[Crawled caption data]
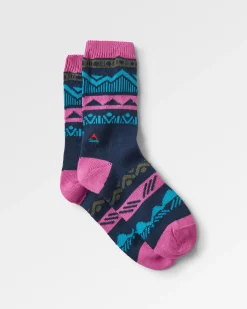 Damen Nettle Organische Gemusterte Socken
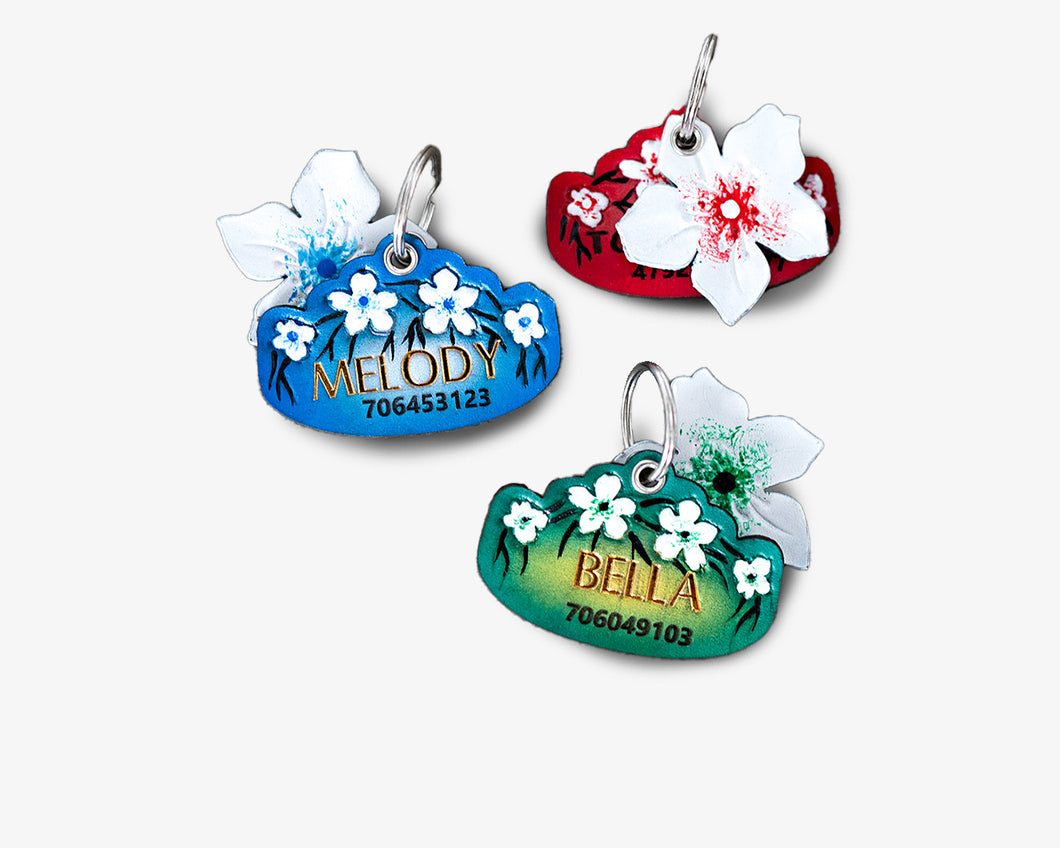 Cherry Blossom ID Tag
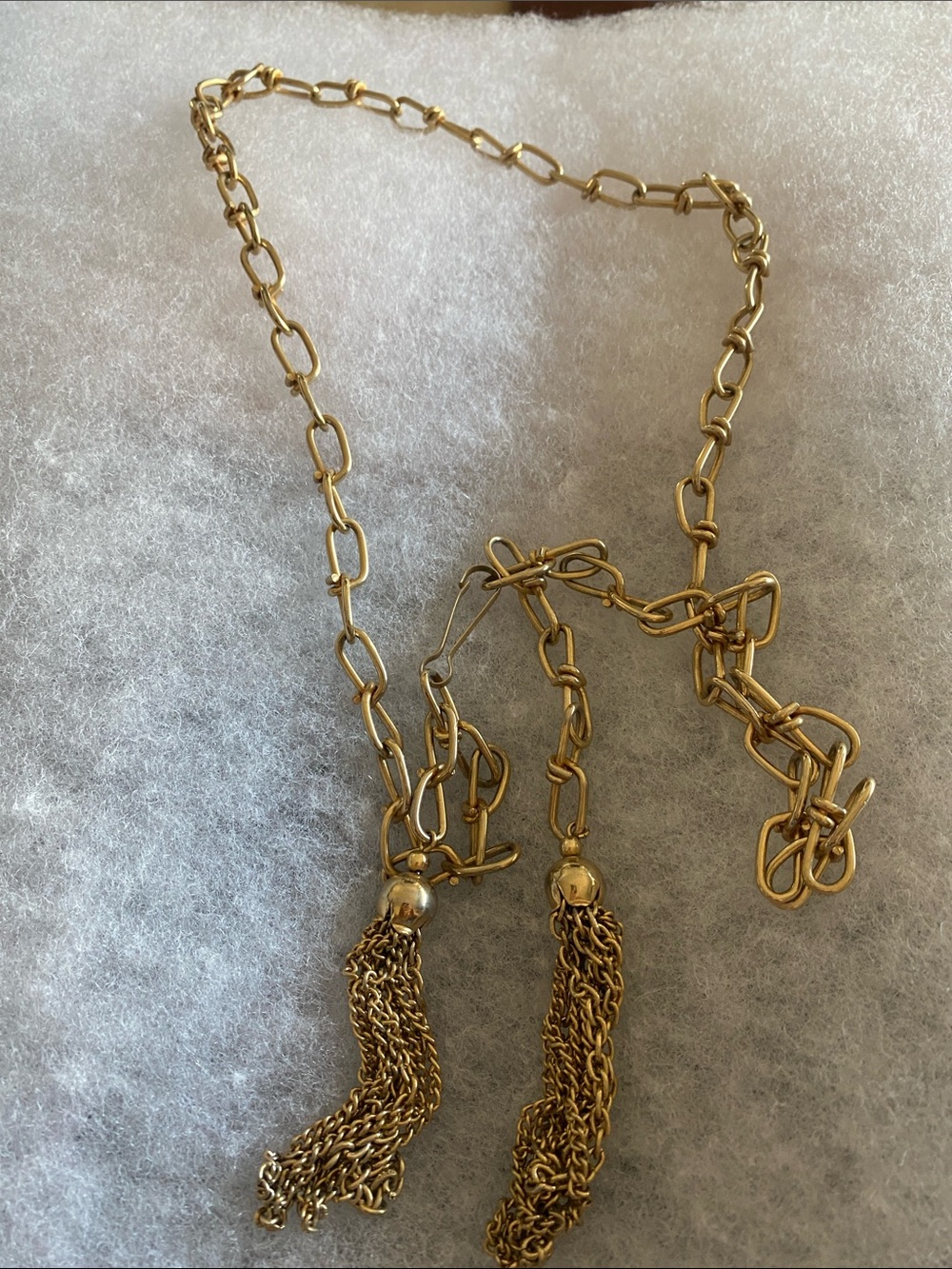 Gold Chain Tassel Adjustable Belt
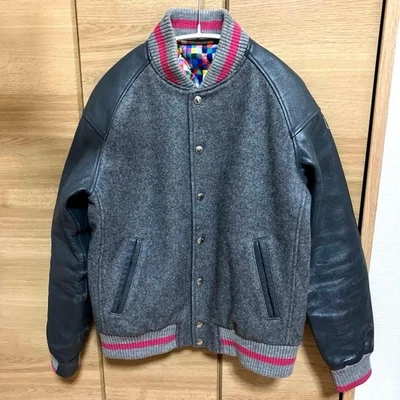 Used UE uniform experiment leather stadium jacket blouson - Image 1 of 4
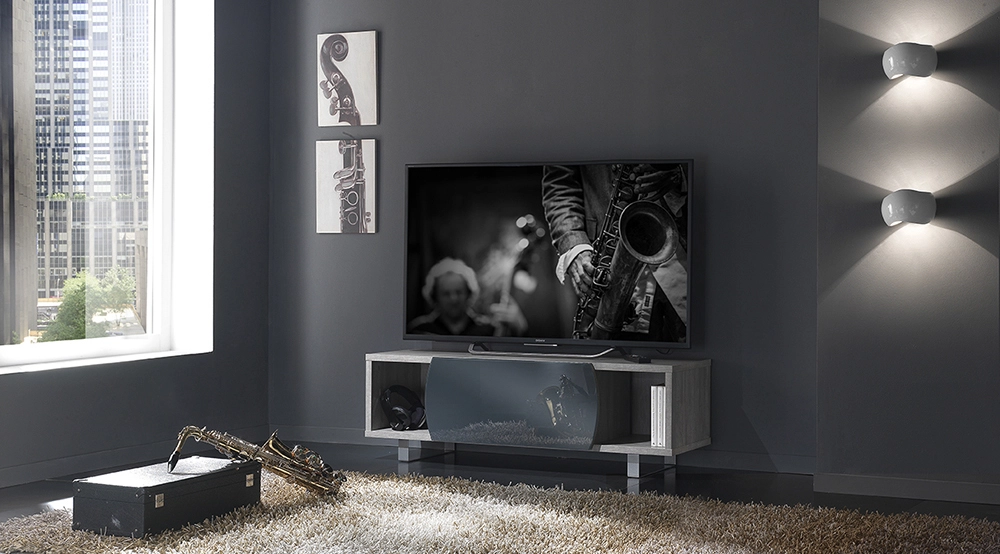 MUNARI meuble TV MK130 jusqu'à 55" Collection CORTINA EASY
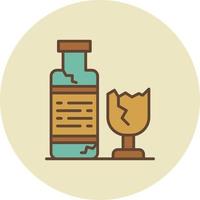 Glass Bottle Creative Icon Design vector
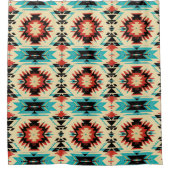 Rideaux De Douche Sunburst à motifs amérindiens (Devant)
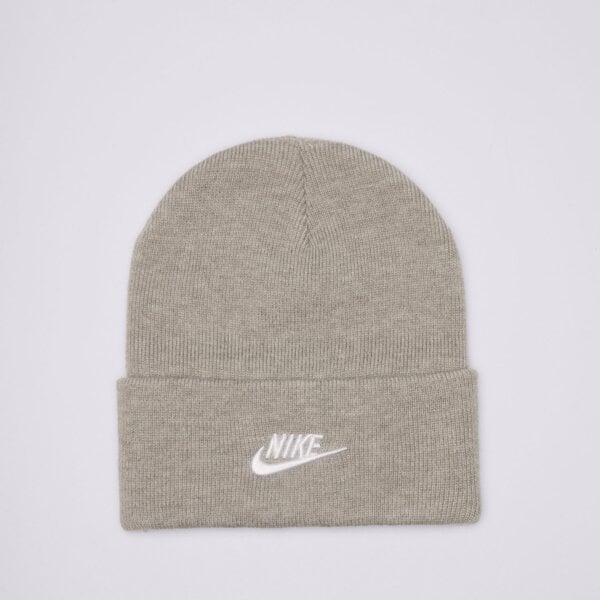 Дамска зимна шапка NIKE ЗИМНА ШАПКА U NK PEAK BEANIE TC FUT F24 L hf0186-063 цвят сив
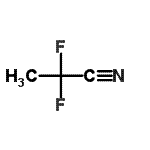 结构式 CAS# 49781-49-9, 2,2-二氟丙烷腈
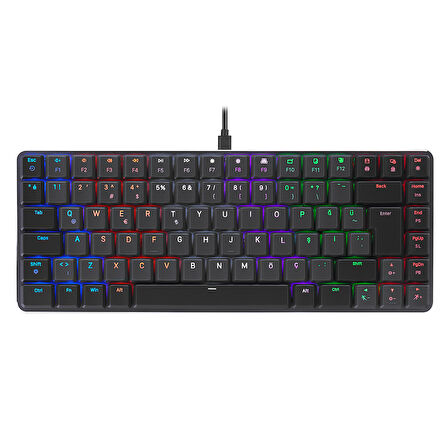 Rampage GRANITE Siyah/Gri Low Profile Red Switch Mekanik Gaming (Oyuncu) Klavye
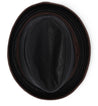 A black and brown Turino fedora hat by Bed Stu on a white background.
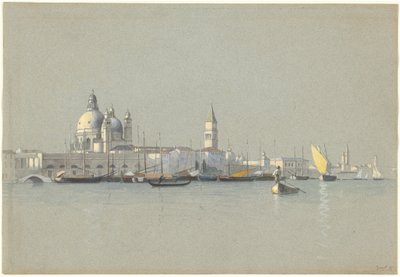 Kilátás a Giudecca-csatornán át a Salute felé és a Szent Márk-toronyra alkotó: William Stanley Haseltine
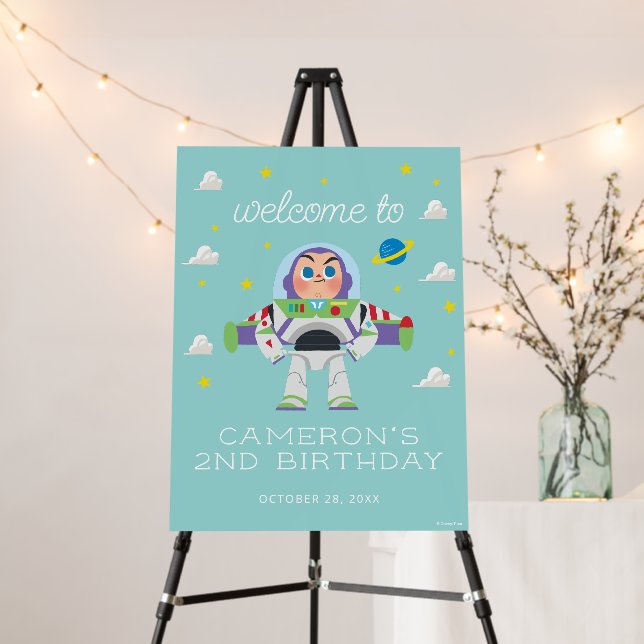 Toy Story | Buzz Lightyear Birthday Foam Board (In Situ (Stand))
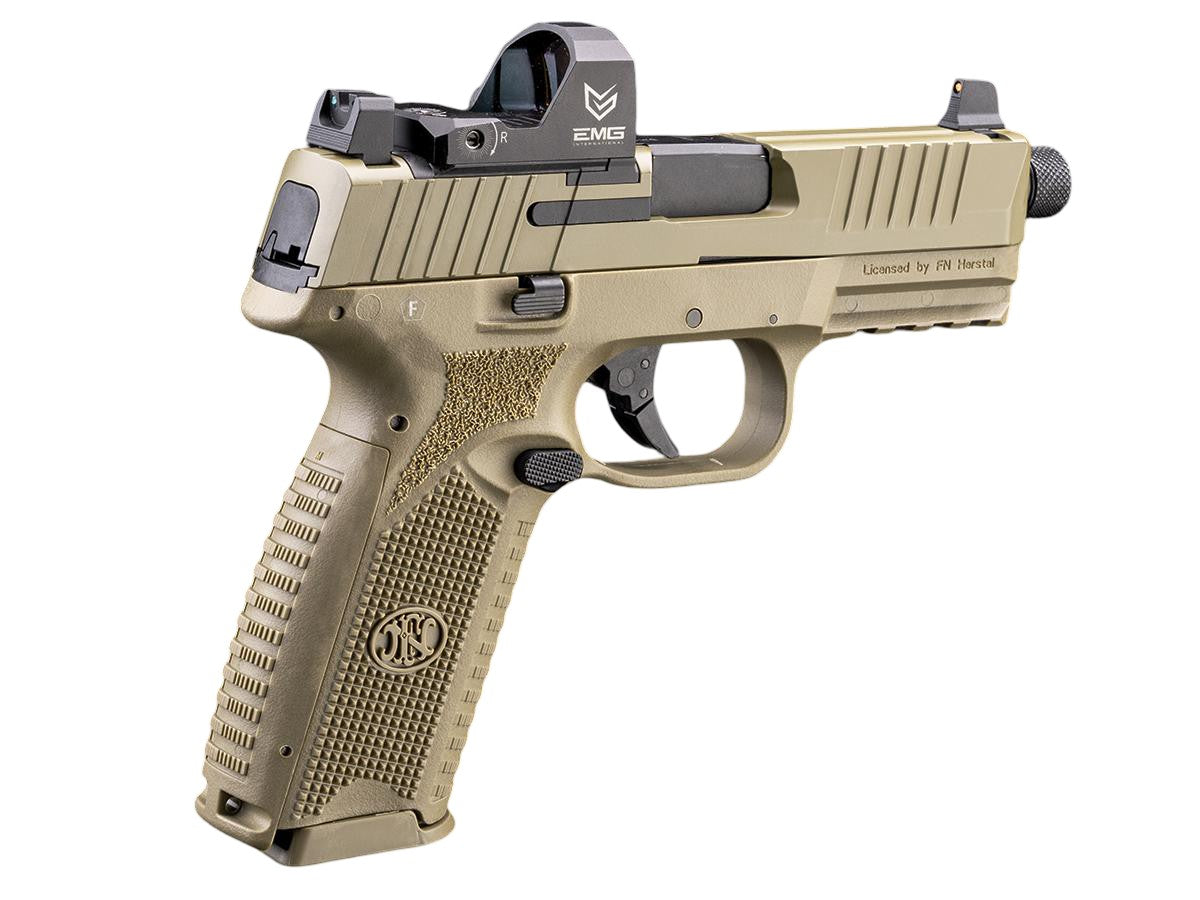 EMG FN® 509 Gas Blowback Airsoft GBB Pistol (Color: Flat Dark Earth)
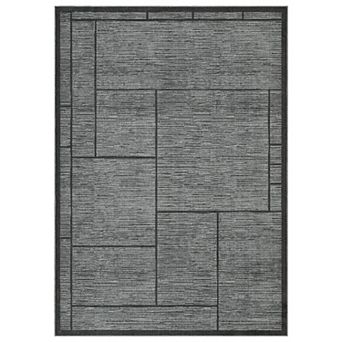 Neutral Geometric Washable Area Rugs - Non-Slip, Stain Resistant for Living Room, Bedroom, Entryway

[Task objective]
Could you transcribe exactly the lines from the line containing "A black and" through the final line of the records, both included, and nothing beyond them? The pictures should be left out.

[Exercise response]
 A black and brown Turino fedora hat by Bed Stu on a white background.
 Kilátás a Giudecca-csatornán át a Salute felé és a Szent Márk-toronyra alkotó: William Stanley Haseltine
 Toy Story | Buzz Lightyear Birthday Foam Board (In Situ (Stand))
 EMG FN® 509 Gas Blowback Airsoft GBB Pistol (Color: Flat Dark Earth)
 Neutral Geometric Washable Area Rugs - Non-Slip, Stain Resistant for Living Room, Bedroom, Entryway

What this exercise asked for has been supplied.